“That's about what I told him,” said the editor.
“That's just what you SHOULDN'T have told him,” returned Jack. “You ought to have stuck up for that woman as if she'd been your own mother. Lord! you fellows don't know how to run a magazine. You ought to let ME sit on that chair and tackle your customers.”
“What would you have done, Jack?” asked the editor, much amused to find that his hitherto invincible hero was not above the ordinary human weakness of offering advice as to editorial conduct.
“Done?” reflected Jack. “Well, first, sonny, I shouldn't keep a revolver in a drawer that I had to OPEN to get at.”
“But what would you have said?”
“I should simply have asked him what was the price of lumber at Mendocino,” said Jack, sweetly, “and when he told me, I should have said that the samples he was offering out of his own head wouldn't suit.

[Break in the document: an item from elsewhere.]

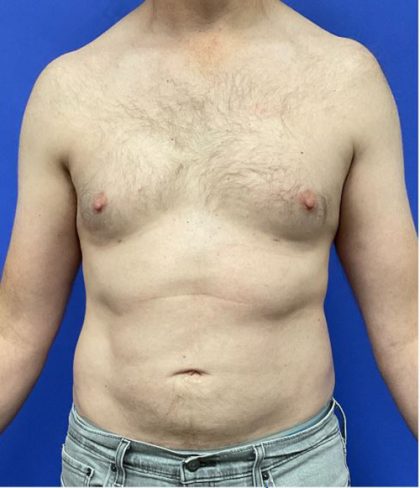 Torso Liposuction Before & After Patient #2994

You see, you don't want any trifling in such matters. You write well enough, my boy,” continued he, turning over his paper, “but what you're lacking in is editorial dignity. But go on with your work. Don't mind me.”
Thus admonished, the editor again bent over his desk, and his friend softly took up his suspended song. The editor had not proceeded far in his corrections when Jack's voice again broke the silence.
“Where are those d——d verses, anyway?”
Without looking up, the editor waved his pencil towards an uncut copy of the “Excelsior Magazine” lying on the table.
“You don't suppose I'm going to READ them, do you?” said Jack, aggrievedly. “Why don't you say what they're about? That's your business as editor.”